# Objectives {.unnumbered}

By the end of this lab, you will:
1. Load and analyze the **Lightcast dataset** in **Spark DataFrame**.
2. Create **five easy and three medium-complexity visualizations** using **Plotly**.
3. Explore **salary distributions, employment trends, and job postings**.
4. Analyze **skills in relation to NAICS/SOC/ONET codes and salaries**.
5. Customize **colors, fonts, and styles** in all visualizations (**default themes result in a 2.5-point deduction**).
6. Follow **best practices for reporting on data communication**.

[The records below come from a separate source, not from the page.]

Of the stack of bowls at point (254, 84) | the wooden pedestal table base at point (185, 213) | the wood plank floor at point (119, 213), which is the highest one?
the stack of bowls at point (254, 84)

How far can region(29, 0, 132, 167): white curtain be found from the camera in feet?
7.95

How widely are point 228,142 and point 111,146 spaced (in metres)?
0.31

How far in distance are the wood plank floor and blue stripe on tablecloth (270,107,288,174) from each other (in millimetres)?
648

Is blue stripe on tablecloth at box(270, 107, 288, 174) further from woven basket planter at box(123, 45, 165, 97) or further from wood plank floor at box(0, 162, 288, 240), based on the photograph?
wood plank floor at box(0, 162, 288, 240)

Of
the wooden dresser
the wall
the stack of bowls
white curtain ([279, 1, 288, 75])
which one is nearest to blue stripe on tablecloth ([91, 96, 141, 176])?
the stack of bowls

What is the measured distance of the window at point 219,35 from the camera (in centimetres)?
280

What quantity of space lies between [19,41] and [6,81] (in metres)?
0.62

# Step 1: Load the Dataset {.unnumbered}


In [22]:
from IPython.display import HTML
from plotly.io import to_html

In [23]:
import pandas as pd
import plotly.express as px
import plotly.io as pio
pio.renderers.default = "vscode"
from pyspark.sql import SparkSession
from pyspark.sql.functions import col


# Initialize Spark Session
spark = SparkSession.builder.appName("LightcastData").getOrCreate()

# Load Data
df = spark.read.option("header", "true").option("inferSchema", "true").option("multiLine","true").option("escape", "\"").csv("./lightcast_job_postings.csv")

# Show Schema and Sample Data
df.printSchema()
df.show(5)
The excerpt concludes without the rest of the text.